On those days I wanted to refuse her money—but I did not, for fear that she would no longer come out to buy this taste of sweetness for herself. In this matter, her small pride was more important than my own.
She was a nice woman, was Tamara Miller, pretty in that pale way some Anglos have when their hair is too dark to be called blond and too light to be brown. She was tiny, shorter even than my wife, whose head used to rest beneath my chin when I wrapped my arms around her and held her close. Señora Miller’s house was the cleanest place in a neighborhood of clean houses—which could not have been easy, since it stood at the end of the busy road with its back on a field, from both of which the dust rose in clouds at every wind. She had a nice garden, too, vegetables and flowers, and when she bought her little cup of chocolate ice cream and peeled off the top to eat it slowly, sometimes we would stand and pass a few words about what she was growing. Two or three times I brought her cuttings from my own garden, so that next to her front door there grew a small rose of palest yellow. I looked at it every time I went past her gate, greeting it as a friend.
Tamara Miller had no real neighbors. On one side of her house lay the yards of a plumbing supply business, on the other rose up the high, blank wall of a warehouse. Across the street was a printer’s, and behind her back fence stretched fields. It was a busy place during the day, but everything shut down in the evenings. After dusk the street was deserted.
One morning, three days after the first Friday in the month of May, I sold Tamara Miller a cup of ice cream. She had trouble holding the flat wooden spoon because one of her fingers was i
n a splint. I said nothing and went about my business, but a short time later I stood with my elbow on the fence of another woman who lived not far from the Miller house.

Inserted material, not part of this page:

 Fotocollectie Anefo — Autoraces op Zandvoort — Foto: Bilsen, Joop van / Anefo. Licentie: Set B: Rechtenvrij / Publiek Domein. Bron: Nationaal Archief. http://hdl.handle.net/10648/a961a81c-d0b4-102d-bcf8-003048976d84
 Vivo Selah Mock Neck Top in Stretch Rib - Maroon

Señora Rodriguez was a retired cannery worker whose children had grown and whose fingers had itched for grandchildren. She had spent most of her life organizing people, from her husband to the union, and I knew well that nothing would give her greater pleasure than organizing Tamara Miller. I leaned against the fence watching her grandchildren revel in the sugary pleasures she had bought them.
“Do you know Tamara Miller?” I asked her. “In the house near the plumbing supply?”

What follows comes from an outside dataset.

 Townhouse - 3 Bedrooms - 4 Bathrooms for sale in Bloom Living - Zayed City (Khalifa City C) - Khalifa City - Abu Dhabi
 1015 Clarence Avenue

“Sure. She’s very stuck-up.”
Actually, what she said was that the Miller girl acted like she had a stick up a part of her body. I said, “It’s not the stick up there that troubles her, it’s the fist she gets in her face.”
“She’s not the only one around here,” said Señora Rodriguez. She sounded as if she was throwing the problem away, but in truth I knew that she was one of those that women in trouble turned to, and she could be as fierce as a tiger in how she helped them. We often act in ways that conceal our true feelings, especially when those feelings are strong.
“That is true,” I said, trying to sound like I was apologizing for all the wrongdoing by all the men who ever lived. “But she is also very young, and without a family. It is too bad she cannot find some way of reaching out for friendship. Maybe she could take a cooking class down at the adult school, if her husband would let her. She was asking me the other day about how to make chiles rellenos. What do I know? Ah well, I must be going. My ice creams will melt in this sun.”